===== TASK INPUT =====

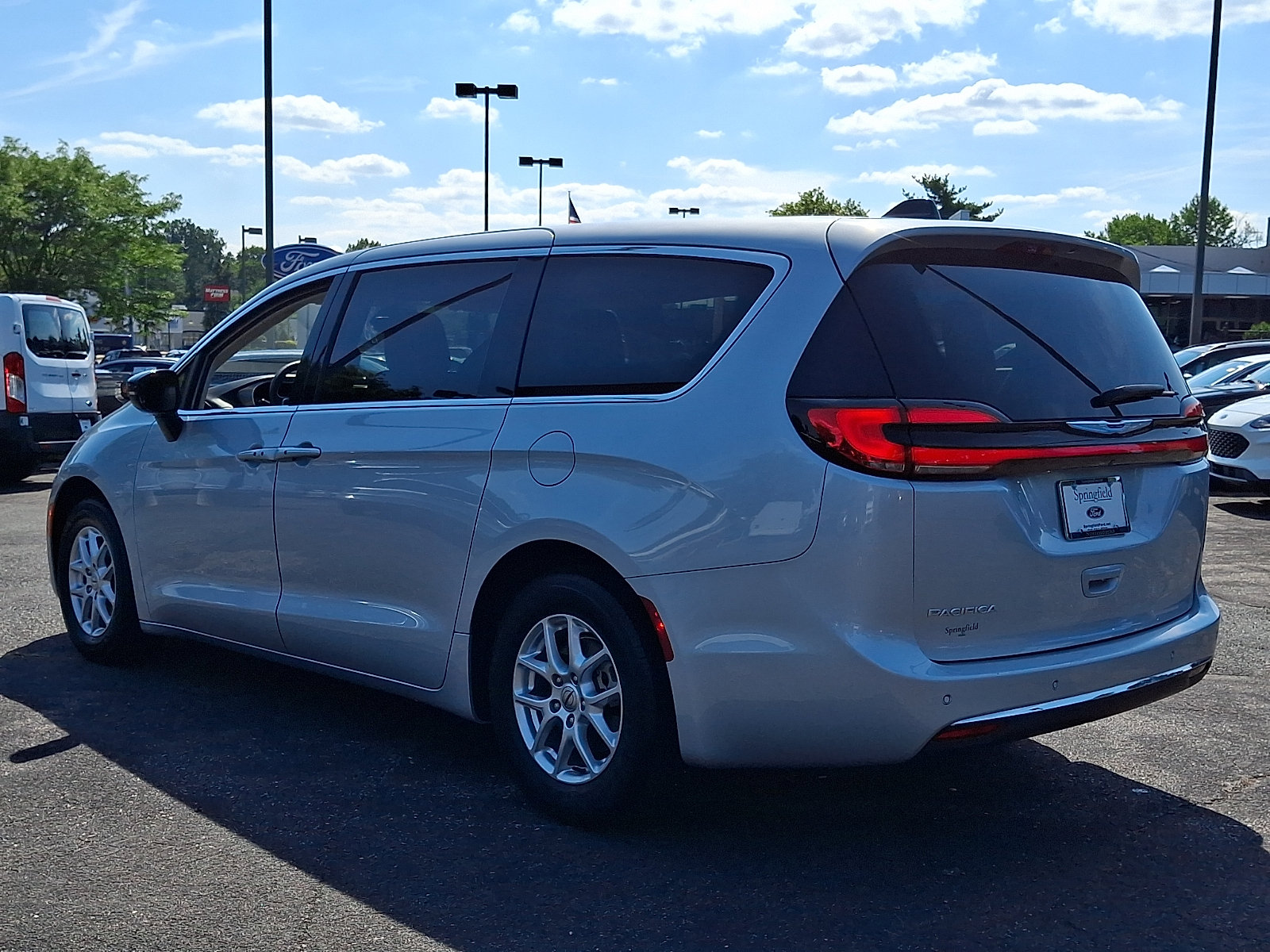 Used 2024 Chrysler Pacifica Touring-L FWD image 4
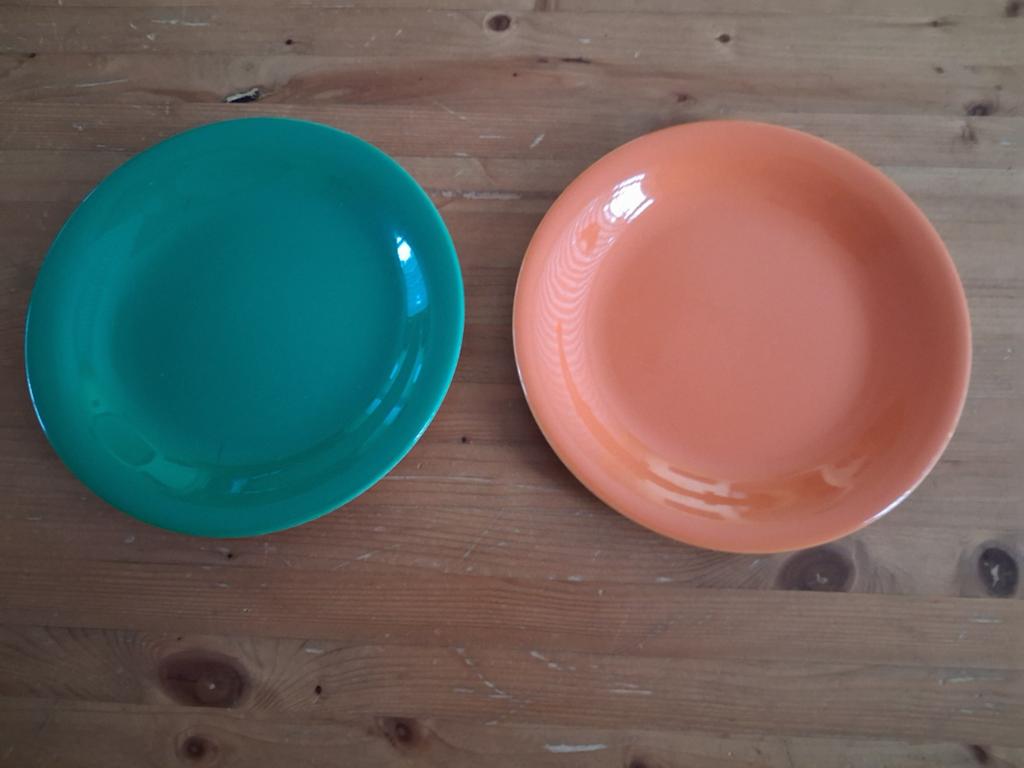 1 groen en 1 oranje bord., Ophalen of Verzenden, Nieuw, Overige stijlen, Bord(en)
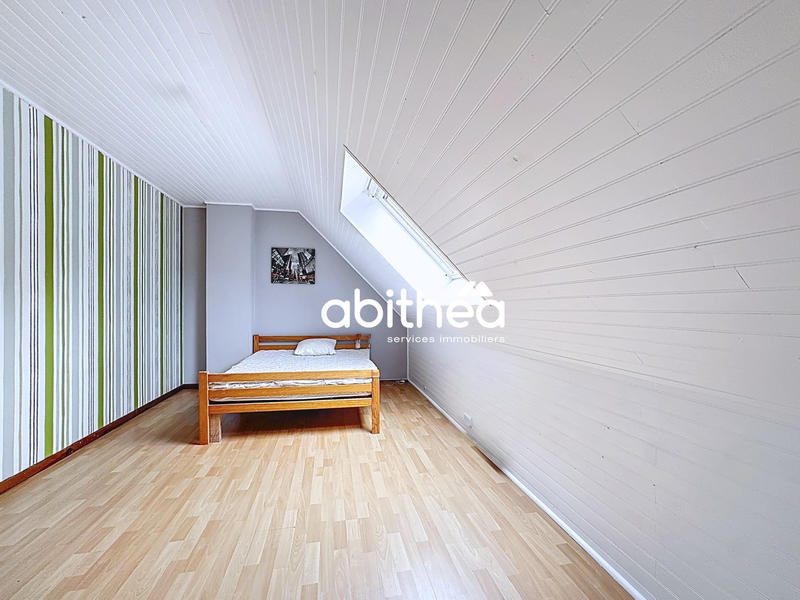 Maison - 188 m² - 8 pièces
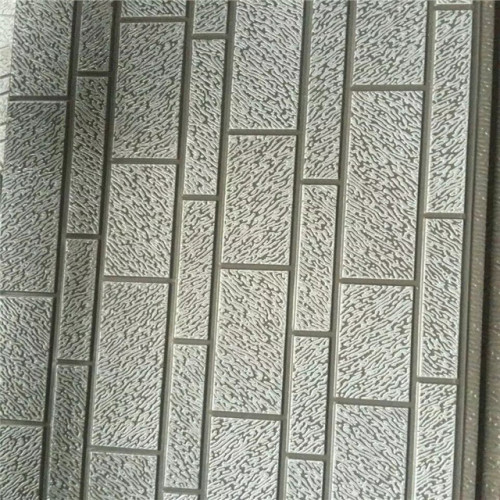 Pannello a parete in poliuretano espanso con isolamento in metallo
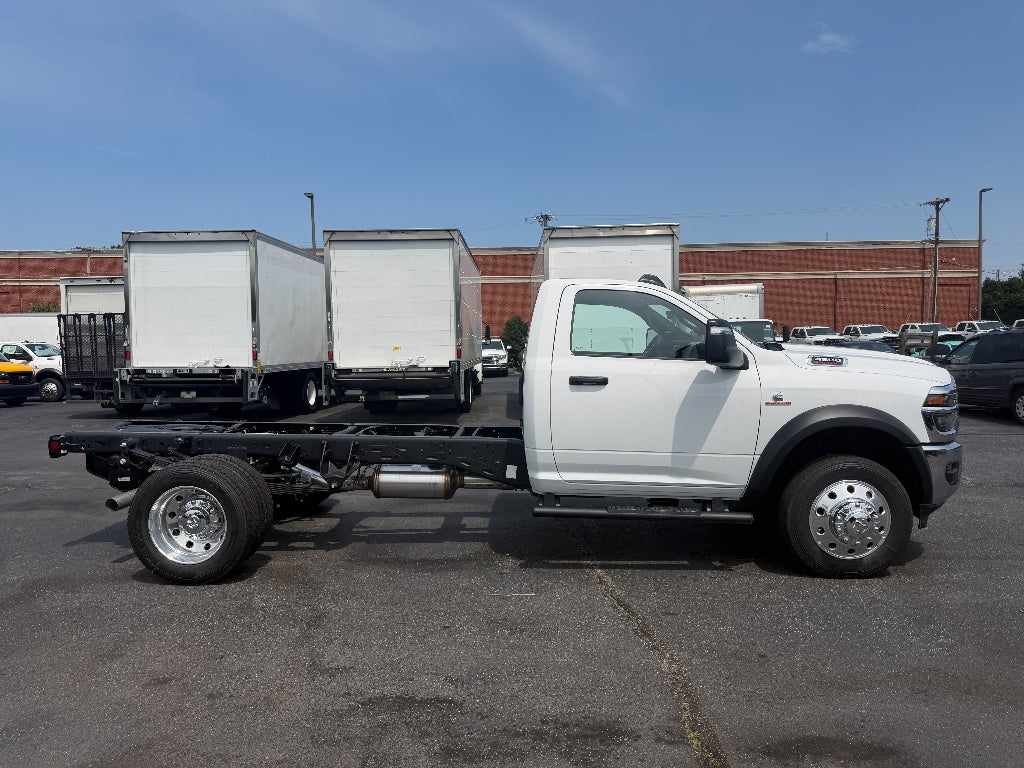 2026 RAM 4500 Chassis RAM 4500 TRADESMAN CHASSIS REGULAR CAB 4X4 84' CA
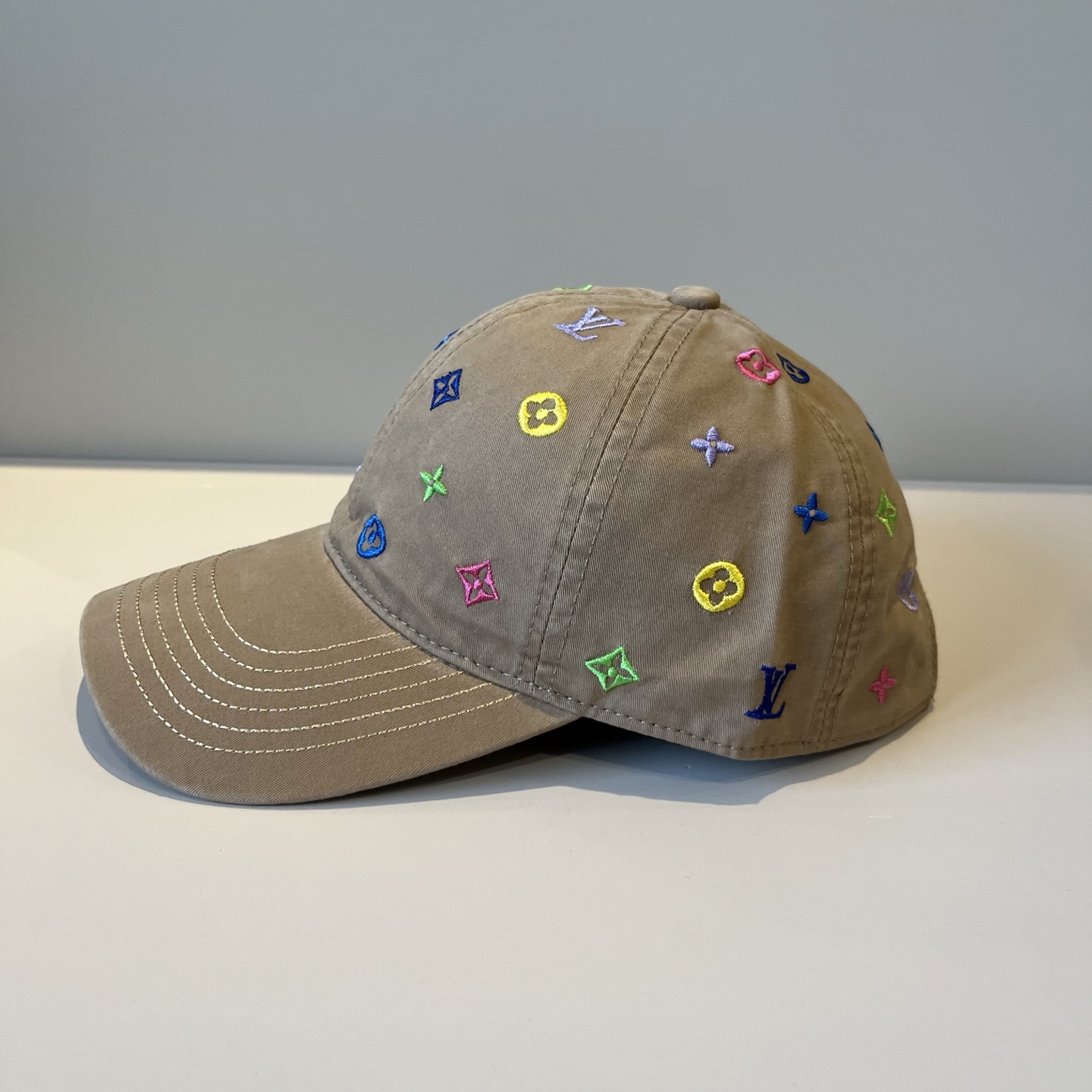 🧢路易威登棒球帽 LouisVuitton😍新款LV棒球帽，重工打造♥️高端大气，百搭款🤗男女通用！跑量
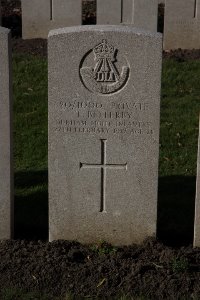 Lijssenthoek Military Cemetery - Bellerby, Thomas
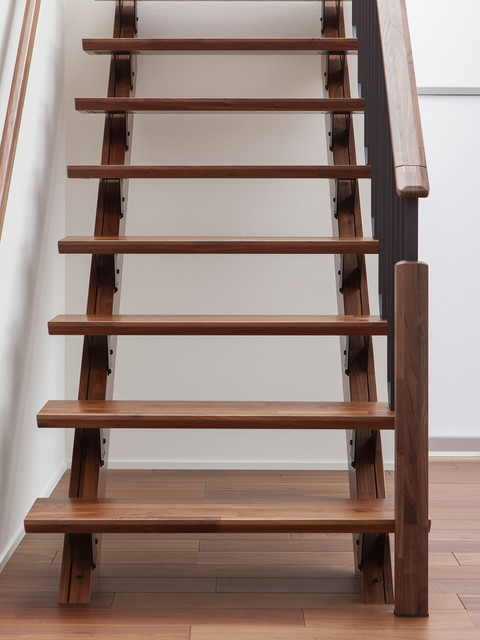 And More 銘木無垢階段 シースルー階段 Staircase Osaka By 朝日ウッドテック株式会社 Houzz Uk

=====

#### [REQUIRED ACTION]
Please give the data again unaltered, leaving out any images.

#### [ANSWER TO THE EXERCISE]
 Used 2024 Chrysler Pacifica Touring-L FWD image 4
 1 groen en 1 oranje bord., Ophalen of Verzenden, Nieuw, Overige stijlen, Bord(en)
 Maison - 188 m² - 8 pièces
 Pannello a parete in poliuretano espanso con isolamento in metallo
 2026 RAM 4500 Chassis RAM 4500 TRADESMAN CHASSIS REGULAR CAB 4X4 84' CA
 🧢路易威登棒球帽 LouisVuitton😍新款LV棒球帽，重工打造♥️高端大气，百搭款🤗男女通用！跑量
 Lijssenthoek Military Cemetery - Bellerby, Thomas
 And More 銘木無垢階段 シースルー階段 Staircase Osaka By 朝日ウッドテック株式会社 Houzz Uk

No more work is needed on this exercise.